Current output: NETWORK listener connection accepted from 12700159926 4785 3 connections now open

Desired output: NETWORK listener connection accepted from 127.0.0.1:59926 4785 3 connections now open

What am I doing wrong? Thanks for the help!

Saranya Gupta
  • 1,945
  • 2
  • 10
  • 14
  • You may use `pattern = r"[{}]".format(re.escape(remove))` or `pattern = r"[{}]".format(remove.replace("\\",r"\\").replace("^",r"\^").replace("]",r"\]").replace("-",r"\-"))`. – Wiktor Stribiżew Jul 28 '20 at 08:13
  • 1
    **Duplicate of [Escaping regex string](https://stackoverflow.com/questions/280435/escaping-regex-string)** and **[Python Password Validation: Unable to use constants from string library in regex](https://stackoverflow.com/questions/59140483)**, etc. – Wiktor Stribiżew Jul 28 '20 at 08:24

3 Answers3

3

Apart from the fact you don't remove the : from the pattern, the pattern you end up with is:

[!"#$%&'()*+,-/:;<=>?@[\]^_`{|}~]
            ^^^

Note that ,-/ bit. In a regex, that means all characters between , and / inclusive, including - and ..

You would possibly be better of constructing it manually so as to avoid any tricky escaping requirements other than what you need, something like (untested so I'm not sure if more escaping is required):

pattern = "[!\"#$%&'()*+,\-/:;<=>?@[\]^_`{|}~]"

Alternatively, I'd probably rather allow a specific set of characters to survive rather than specifying a set to remove (the regex will be a lot simpler):

re.sub("[^a-zA-Z :\.]", "", line)

This will only allow alphanumerics, spaces, the colon and the period - everything else will be stripped.

paxdiablo
  • 854,327
  • 234
  • 1,573
  • 1,953
1

This should work for you:

import string
import re 
remove = string.punctuation
remove = re.sub(r"[.:-]+", "", remove)
pattern = r"[{}]".format(remove + '-') 
line = "NETWORK  [listener] connection accepted from 127.0.0.1:59926 #4785 (3 connections now open)"
re.sub(pattern, "", line) 

Output:

NETWORK  listener connection accepted from 127.0.0.1:59926 4785 3 connections now open

Details:

  • For remove = re.sub(r"[.:-]+", "", remove): In character class adding : and - for removal since an unescaped hyphen in middle of a character class acts as range rather than literal -
  • For r"[{}]".format(remove + '-') we add - in character class in the end, note that unescaped hyphen at the end of [...] is fine
anubhava
  • 761,203
  • 64
  • 569
  • 643
0

you don't escape special characters in string.punctuation for your regex. also you forgot to replace :!

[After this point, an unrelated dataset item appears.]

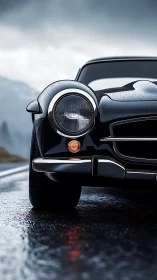 Photorealistic close-up of vintage sports car front fascia.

use re.escape to escape regex special characters in punctuation. your final pattern will be [\!\"\#\$\%\&\'\(\)\*\+\,\-\/\;\<\=\>\?\@\[\\\]\^_\`\{\|\}\~]

import string
import re 
remove = string.punctuation

remove = remove.replace(".", "")
remove = remove.replace(":", "")

pattern = r"[{}]".format(re.escape(remove))

line = "NETWORK  [listener] connection accepted from 127.0.0.1:59926 #4785 (3 connections now open)"
line = re.sub(pattern, "", line)

output:

NETWORK  listener connection accepted from 127.0.0.1:59926 4785 3 connections now open
mjrezaee
  • 1,100
  • 5
  • 9